El fin del puesto de trabajo asignado
Las oficinas ágiles deben ser funcionales, frescas y motivadoras (¡están llamadas a ser el caldo de cultivo de excelentes ideas!). Lo ideal, es que sean, además, flexibles (lo de tener el puesto de trabajo “en propiedad” parece tener los días contados) y que el trabajador pueda acomodarse aquí o allí según sus necesidades.

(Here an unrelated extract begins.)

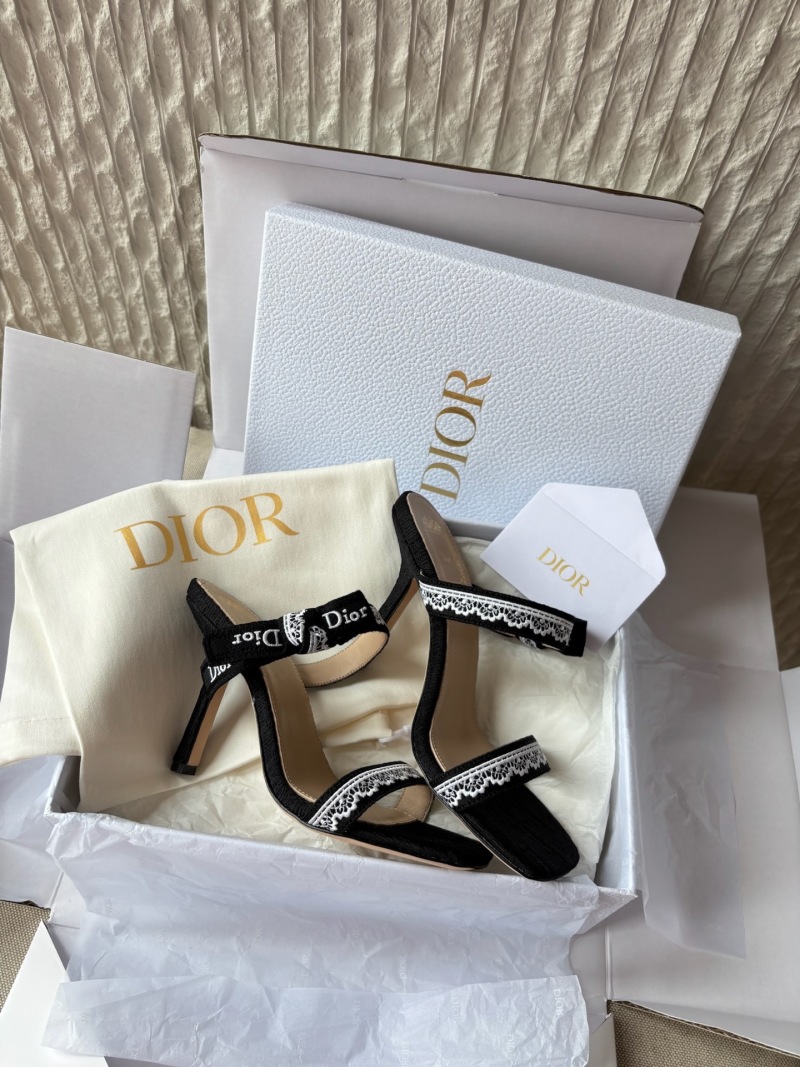 Черные женские туфли-сандалии на высоком каблуке с кружевом Dior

Las compañías que trabajan con metodologías agile deben dotarse de distintos espacios para distintos momentos. Nada de salas de reuniones con alta demanda, complicados sistemas de reserva o listas de espera. Además, los recursos que puede necesitar un trabajador (desde las impresoras al material de oficina), deben ser fácilmente accesibles (físicamente y sin burocracia interna). Así, un espacio agile contaría con:
- Espacios abiertos para el trabajo colaborativo (open spaces).
- Salas para las reuniones de equipo.
- Espacios apartados en los que sea posible concentrarse o trabajar proyectos confidenciales a prueba de interrupciones (y otros diferentes, en consecuencia, para atender llamadas telefónicas).
- Espacios inspiraciones.
- Espacios dedicados al descanso y a la desconexión, que también pueden utilizarse para las reuniones más informales.
Implantar la metodología agile, desde este punto de vista, no parece mala idea: los espacios de este tipo son mayoritariamente minimalistas así que no necesitan de grandes desembolsos. El diseño de la oficina, además, se ha revelado como un factor de captación de talento (¿quién no quiere trabajar en un entorno estimulante y en una empresa que se preocupa en adaptarse a sus necesidades?). Y ahí no terminan los beneficios: la no asignación de puesto de trabajo aumenta en un porcentaje que ronda el 20% la capacidad de una oficina, con el consiguiente ahorro en los costes empresariales que supone el potencial aumento de ocupación.
Pero conseguir hacerlo de forma efectiva implica un cambio paralelo en la cultura organizativa y de trabajo…
Una tarea tan fructífera como ardua cuya complejidad va más allá de la ejecución de una reforma.